# Bosch POF 1300 ACE



## maflas (Jun 26, 2011)

Dear All,
I'm new to router forums, and only a light woodworker, doing the odd job around the house (furniture, occasional window repair etc.). 

I don't yet have a router, but the Bosch POF 1300 ACE is on offer down at the local store. I live in Hungary, and prices are quite high here. Also the range of routers available is quite limited.

Does anybody have any experience of this router? 

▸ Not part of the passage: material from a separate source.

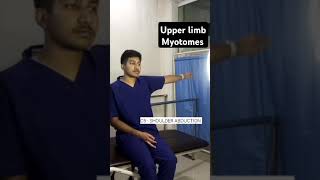 Upper limb Myotomesyoutubeshortsphysiotherapytreatment [upl. by Ymor]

Looking forward to reading through the forum!

All best and thanks,
Maflas


----------



## Mike (Nov 22, 2004)

Philip, Bosch has never made a bad router. I am sure you will be happy with it. Welcome to the forums.


----------



## jw2170 (Jan 24, 2008)

G'day Philip

Welcome to the router forum. 

Thank you for joining us


----------



## maflas (Jun 26, 2011)

Thanks for your responses! Sadly, when I went to the shop, the Bosch turned out to be a different model which had no precision depth control (sadly this is quite a common ploy over here just to get you into the shop and buy a worse model at a higher price...).

I'm currently looking at a RYOBI ERT1400RV, which seems to have good specs, and has been recommended by one or two people. I'm on a budget sadly, a Makita or other high-end model would cost a fortune over here!!!

If anyone has any experience of Ryobi, please let me know!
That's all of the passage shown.